This formula will now be used to infer the camera centers. 

In [None]:
def extrinsics_from_calibration(rotation_vectors, translation_vectors):
    """ Calculates extrinsic matrices from calibration output. 
        
    Args: 
        rotation_vectors (list[np.ndarray]): Rodrigues rotation vectors.
        translation_vectors (list[np.ndarray]): Translation vectors.
    Returns: 
        extrinsics (list[np.ndarray]): A list of camera extrinsic matrices.
            These matrices are 4x4 full-rank.
    """
    
    rotation_matrices = list() 
    for rot in rotation_vectors:
        rotation_matrices.append(cv2.Rodrigues(rot)[0]) 

    extrinsics = list()
    for rot, trans in zip(rotation_matrices, translation_vectors): 
        extrinsic = np.concatenate([rot, trans], axis=1)
        extrinsic = np.vstack([extrinsic, [[0,0,0,1]]]) 
        extrinsics.append(extrinsic)
    
    return extrinsics

def camera_centers_from_extrinsics(extrinsics):
    """ Calculates camera centers from extrinsic matrices. 
    
    Args: 
        extrinsics (list[np.ndarray]):  A list of camera extrinsic matrices.
    Returns: 
        camera_centers (list[np.ndarray]): Homogenous coordinates of camera centers in 
            3D world coordinate frame.
    """
    camera_centers = list() 

    for extrinsic in extrinsics:
        rot = extrinsic[:3, :3]
        trans = extrinsic[:3, 3]
        center = -rot.T @ trans
        center = np.append(center, 1)
        camera_centers.append(center)
    
    return camera_centers

extrinsics = extrinsics_from_calibration(rotation_vectors, translation_vectors)
camera_centers = camera_centers_from_extrinsics(extrinsics)

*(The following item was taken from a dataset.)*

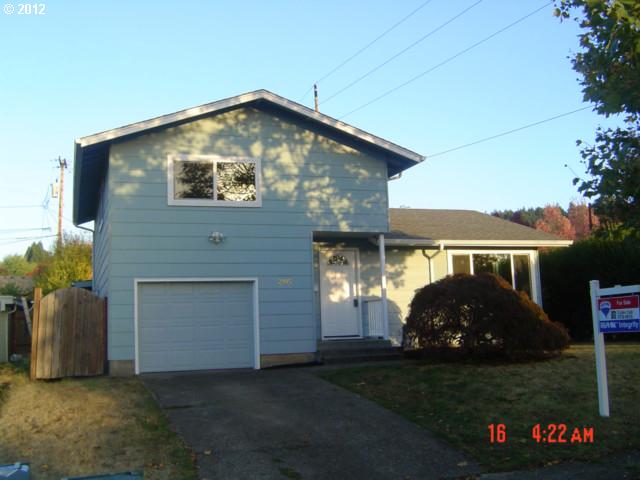 2995 Kincaid St, Eugene, OR 97405 photo 1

print(f'Shape of an extrinsic matrix: {extrinsics[0].shape}')
print(f'Shape of the intrinsic matrix: {intrinsics.shape}')
print(f'Number of cameras in the scene: {len(camera_centers)}')

## Invertible perspective projection 
Perspective projection of a pinhole camera is performed in two steps. First, the 3D point is projected to the camera's image plane using the extrinsic matrix. Then, the point on the image plane is scaled, skewed, and tranlsated to align with the camera's image pixel coordinates using the intrinsic matrix.

$$ \begin{align}
\text{2D pixel point} &= \text{Align with pixels} (\text{Proj to cam image plane}(\text{3D world point})) \\
\mathbf{x}&=\mathbf{KEX} \\
\begin{bmatrix} x\\ y\\ w \end{bmatrix} &= \begin{bmatrix} f_{x} & \alpha     & c_{x0} \\
                                                            0    & f_{y} & c_{y0} \\
                                                            0    & 0     & 1  \end{bmatrix} 
                                           \begin{bmatrix} r_{11} & r_{12} & r_{13} & t_{x} \\
                                                           r_{24} & r_{25} & r_{26} & t_{y} \\
                                                           r_{36} & r_{37} & r_{38} & t_{z} \end{bmatrix}
                                           \begin{bmatrix} X\\ Y\\ Z\\ W \end{bmatrix}
\end{align}
$$
Often we refer to product $\mathbf{KE}$ as the projection matrix $\mathbf{P}$.  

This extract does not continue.